Ele não saíra da política, não pertencia à elite, era apenas um cabo do exército que combatera pela pátria e denunciava a cumplicidade de tantos que foram covardes e levaram a Alemanha ao desastre. Apontou os inimigos: os judeus, os comunistas, os exploradores do povo, os devastadores dos cofres públicos. Com a promessa de uma nova Alemanha, as massas, descrentes, assimilavam bem a imagem de futuro desenhado pelo nazismo; levantavam suas bandeiras e agiam como fanáticos, que em pouco tempo estariam a espancar e assassinar judeus, comunistas, homossexuais, levados aos milhões às Câmaras de Gás nos campos de extermínio. Por fim a tragédia se consumaria com a tragédia de outra mais devastadora guerra.

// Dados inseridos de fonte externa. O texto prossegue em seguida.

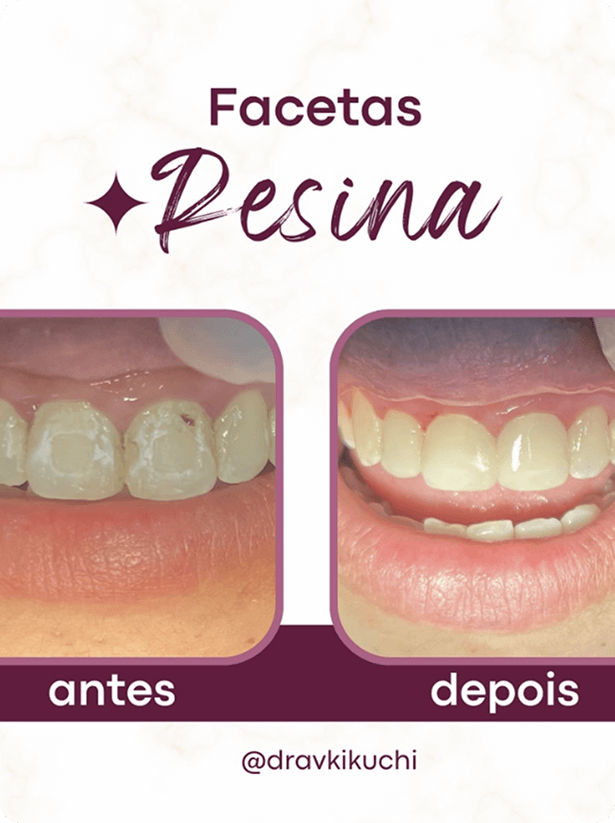 Dra. Vanessa Kikuchi – Odontologia em Bragança Paulista e Região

Não existe um clima mais propicio ao surgimento dos fanatismos e dos homens providenciais, os salvadores da pátria do que a falta de emprego, a tortura da fome, a descrença, e até o ódio às instituições vistas como áreas ocupadas por aproveitadores e ladrões. Esse clima favorece o surgimento do ¨ovo da serpente¨.

Resta- nos esperar e mais ainda rezar, para que esse ovo da serpente ao eclodir, não nos traga outras adversidades, nem açule ainda mais a fúria  que cresce, entre os que se enfrentam como cães ferozes.

É preciso que não banalizemos o ódio, a semente, o ovo da serpente. Geradores das mais devastadoras violências.